Our Ghosts Were Once People
The South African Contemporary History and Humanities Seminar invites you to a conversation with Bongani Kona on his new edited volume Our Ghosts Were Once People: Stories on Death and Dying (Jonathan Ball, 2021).
For the seminar, Kona will share texts from the anthology. The collection brings together a range of voices and offers reflections from subjects as varied as the ritual of washing the body of the deceased before burial, the ethics of killing small animals (think rats), and the extinction of humankind. The seminar will explore the process of putting this anthology together and what it means to write in the shadow of the dead.

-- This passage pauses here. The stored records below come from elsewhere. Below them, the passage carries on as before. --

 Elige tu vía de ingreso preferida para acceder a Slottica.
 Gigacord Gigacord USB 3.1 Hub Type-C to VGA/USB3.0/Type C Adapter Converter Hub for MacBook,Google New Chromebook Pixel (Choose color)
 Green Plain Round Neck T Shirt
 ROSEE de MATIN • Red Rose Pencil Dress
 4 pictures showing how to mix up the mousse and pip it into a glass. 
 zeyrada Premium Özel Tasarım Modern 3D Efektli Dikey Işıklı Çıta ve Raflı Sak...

22 March 2022, 14:00 (South Africa)
Discussant: Sindi-Leigh McBride, Centre for African Studies, University of Basel
“It is still beautiful to hear the heart beat but often the shadow seems more real than the body.” – Tomas Tranströmer (trans. Robert Bly)

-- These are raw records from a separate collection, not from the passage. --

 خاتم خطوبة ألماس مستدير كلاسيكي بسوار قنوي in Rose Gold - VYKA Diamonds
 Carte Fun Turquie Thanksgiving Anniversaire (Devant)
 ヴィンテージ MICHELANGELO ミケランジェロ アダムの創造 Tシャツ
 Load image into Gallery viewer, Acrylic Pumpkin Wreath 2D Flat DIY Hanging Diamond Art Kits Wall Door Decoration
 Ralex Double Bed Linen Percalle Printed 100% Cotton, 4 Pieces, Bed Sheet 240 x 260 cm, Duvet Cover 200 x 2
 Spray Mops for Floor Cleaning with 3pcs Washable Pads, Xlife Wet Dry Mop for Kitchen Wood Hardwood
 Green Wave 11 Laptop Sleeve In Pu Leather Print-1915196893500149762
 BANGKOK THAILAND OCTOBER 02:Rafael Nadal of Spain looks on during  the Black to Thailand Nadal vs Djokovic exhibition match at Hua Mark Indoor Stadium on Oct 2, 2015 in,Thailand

Bongani Kona is a PhD candidate and a lecturer in the Department of History at the University of the Western Cape. His writing has appeared in a variety of places including Chimurenga, Safe House: Explorations in Creative Nonfiction, The Daily Assortment of Astonishing Things and Other Stories, The Baffler and BBC Radio 4. He was awarded the Ruth First Fellowship in 2019 and shortlisted for the Caine Prize for African Writing in 2016.